Consiglio di Stato, sez. V, 19 aprile 2024, n. 3569

Procedimento amministrativo – Termini perentori e ordinatori – Funzione pubblica – Requisiti – Principi dell’azione amministrativa – Potere di revoca sanzionatoria

Costituisce principio generale del diritto, di cui le previsioni dell’art. 2 della legge n. 241 del 1990 rappresentano ulteriore conferma a livello di normazione primaria, quello per cui i termini del procedimento amministrativo devono essere considerati ordinatori, ove non siano dichiarati espressamente perentori dalla legge. In siffatta direzione, il rispetto del termine di conclusione del procedimento resta ancorato all’area degli “obblighi di comportamento” senza essere trascinato “sul terreno del giudizio di validità dell’atto”.

In assenza di una specifica disposizione che espressamente preveda il termine come perentorio, comminando la perdita della possibilità di azione da parte dell’Amministrazione al suo spirare o la specifica sanzione della decadenza, il termine stesso deve intendersi come meramente sollecitatorio o ordinatorio; il suo superamento non determina, perciò, l’illegittimità dell’atto, ma una semplice irregolarità non viziante, poiché non esaurisce il potere dell’Amministrazione di provvedere: se tale conclusione vale con riferimento ad una norma di legge, è tanto più valida laddove il termine finale sia stato previsto dalla stessa Amministrazione procedente. Del resto, risulterebbe palesemente irrazionale una clausola che preveda un termine perentorio a carico della PA, onde disporre la revoca in caso di inadempimento contrattuale del privato, il quale potrebbe in questo modo giovarsi in modo del tutto indebito di una situazione di inefficienza e di inoperatività (di certo non infrequente) della stessa PA.

L’esercizio della funzione pubblica è connotato dai requisiti della doverosità e della continuità, cosicché i termini fissati per il suo svolgimento hanno giocoforza carattere acceleratorio, in funzione del rispetto dei principi di buon andamento (97 Cost.), efficienza ed efficacia dell’azione amministrativa (art. 1, comma 1, l. n. 241/1990), e non già perentorio. Conseguentemente, la loro scadenza non priva l’amministrazione del dovere di curare l’interesse pubblico, né rende l’atto sopravvenuto di per sé invalido.

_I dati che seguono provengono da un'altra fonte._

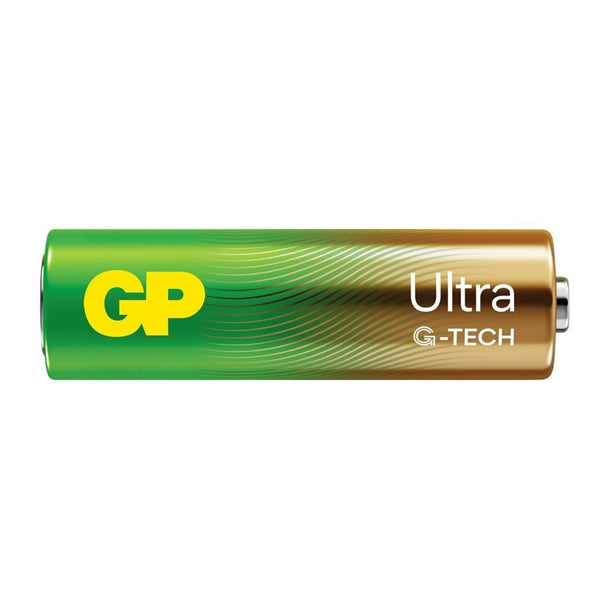 GP Ultra G-Tech Battery AA (Pack of 4) - FX172 GP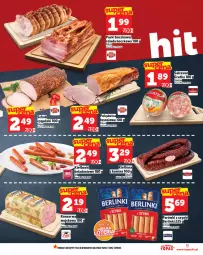 Gazetka promocyjna Topaz - Gazetka - Gazetka - ważna od 03.09 do 03.09.2025 - strona 9 - produkty: Top, Rolada, Kiełbasa, Berlinki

A differenza della revoca in autotutela, la revoca sanzionatoria (o decadenza) presuppone la commissione di un illecito da parte del destinatario del provvedimento, o il mancato rispetto di un onere impostogli dalla legge o dalla disciplina del rapporto stesso. In tutti questi casi, il provvedimento accertativo della decadenza costituisce manifestazione di un potere di autotutela vincolato e ad avvio doveroso, e non richiede specifiche valutazioni in ordine all’interesse pubblico alla sua adozione, rientrando nella generale e tipica categoria della revoca sanzionatoria. Pertanto, l’amministrazione non incontra limiti nell’esercizio del potere di decadenza dall’esistenza di posizioni giuridiche consolidate e non è tenuta a fornire alcuna motivazione specifica in punto di pubblico interesse.